In the end, the Gonzales-Rove Plan is a criminal enterprise crafted to thwart the Hatch Act, and it needs to be investigated and prosecuted. Who says so? A majority of the public. And, in an interview with the Seattle Times, two former Republican prosecutors, John McKay and David Iglesias. Career prosecutor McKay:

“I think there will be a criminal case that will come out of this,” McKay said during his meeting with Times journalists. “This is going to get worse, not better.” McKay cited ongoing investigations into the dismissals by the Senate and House Judiciary committees, and inquiries now under way by the Justice Department’s inspector general and its Office of Professional Responsibility.

McKay said he believes obstruction-of-justice charges will be filed if investigators conclude that the dismissal of any of the eight prosecutors was motivated by an attempt to influence ongoing public-corruption or voter-fraud investigations. McKay said he believes the strongest evidence of obstruction is related to the dismissals of Iglesias and Carol Lam, the former U.S. Attorney in San Diego.

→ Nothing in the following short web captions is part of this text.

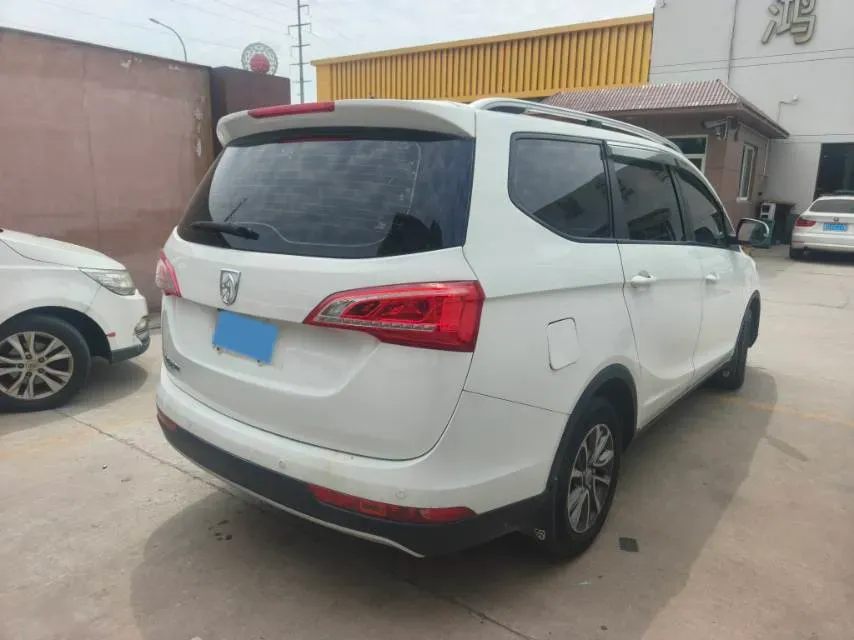 2017 BaoJun 730 1.5T 150HP L4 6MT,autocango,china used car exporter,china ev exporter,chinese used car exporter,chinese used ev exporter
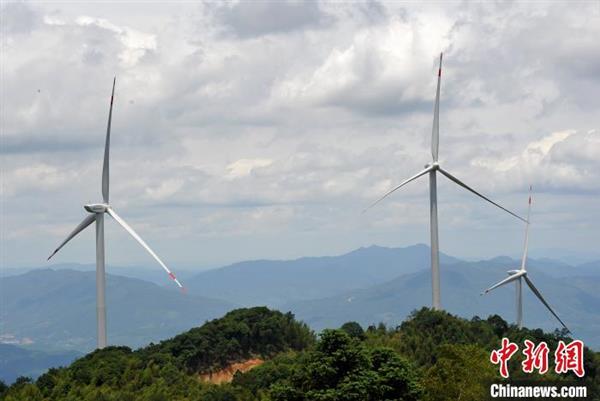 福建永安首個內(nèi)陸風(fēng)電發(fā)電機組陸續(xù)建成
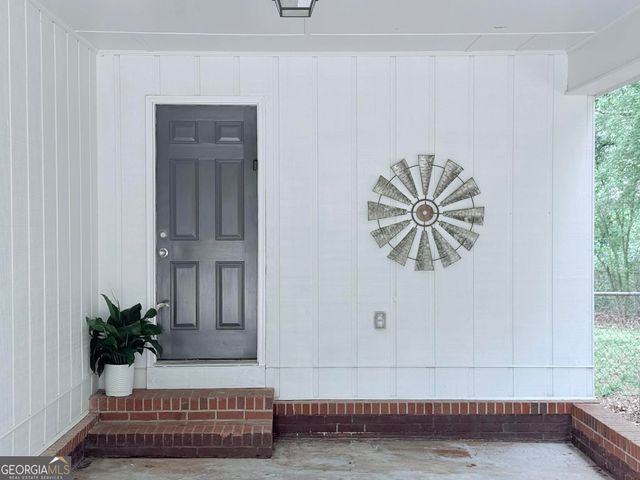 104 Julie Circle, Griffin, GA 30223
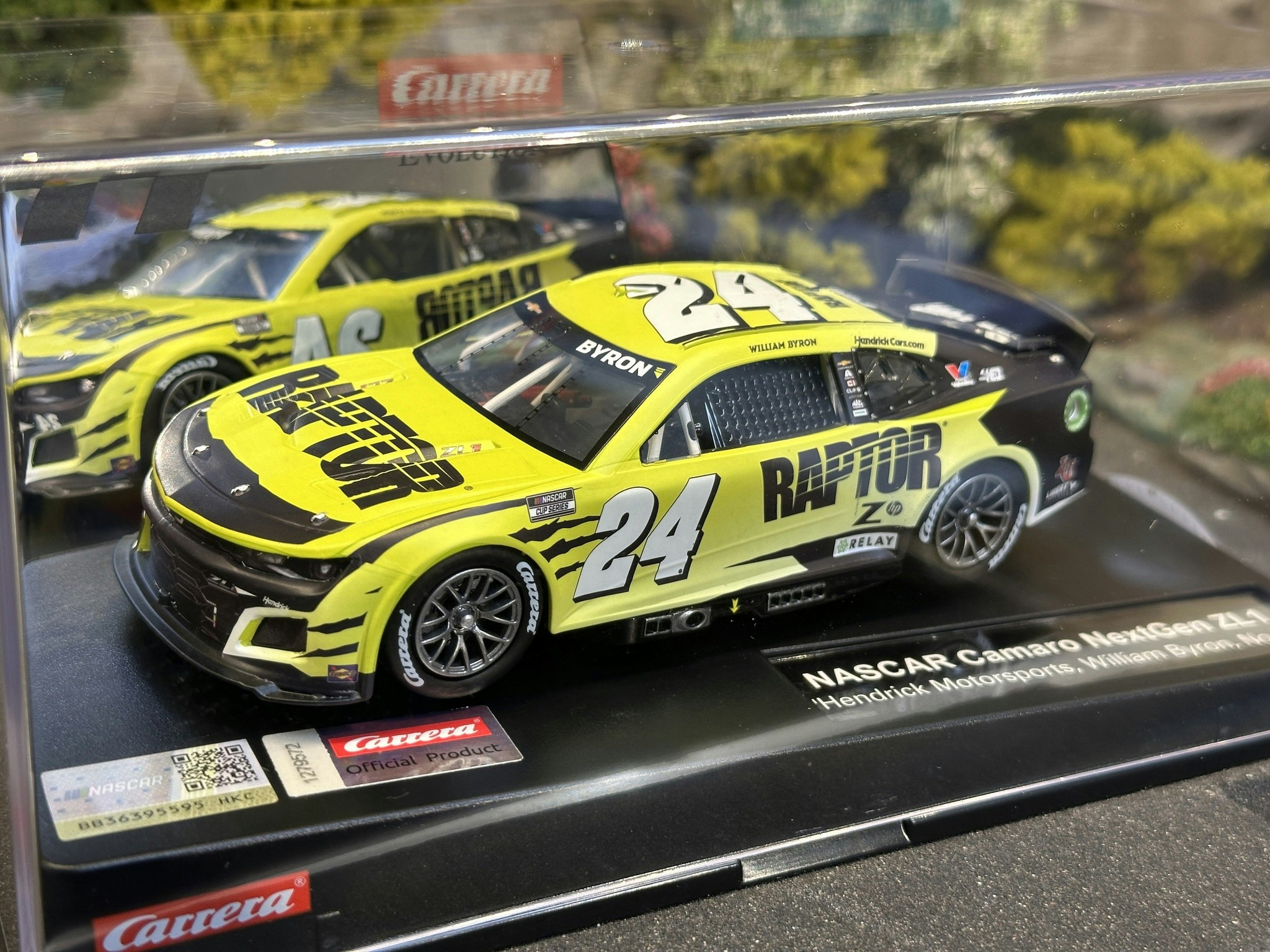 Skala 1/32 Analogue slot car fr Carrera: NASCAR Camaro NextGen ZL1 #24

I think that the inescapable necessity of criminal investigations and prosecutions is finally sinking in. The Bush Administration has held to a consistent pattern of conduct in such situations in the past: scapegoat the grunts and deny any liability up the chain. The “grunts” here are Monica Goodling and Kyle Sampson. Gonzales maneuvered very skillfully in delegating everything to them in order to preserve a thin aura of deniability (which he will use exhaustively in his testimony today before the House Judiciary Committee). The best evidence of all this is the secret order delegating the power to hire and fire to Goodling and Sampson, which has just been made public.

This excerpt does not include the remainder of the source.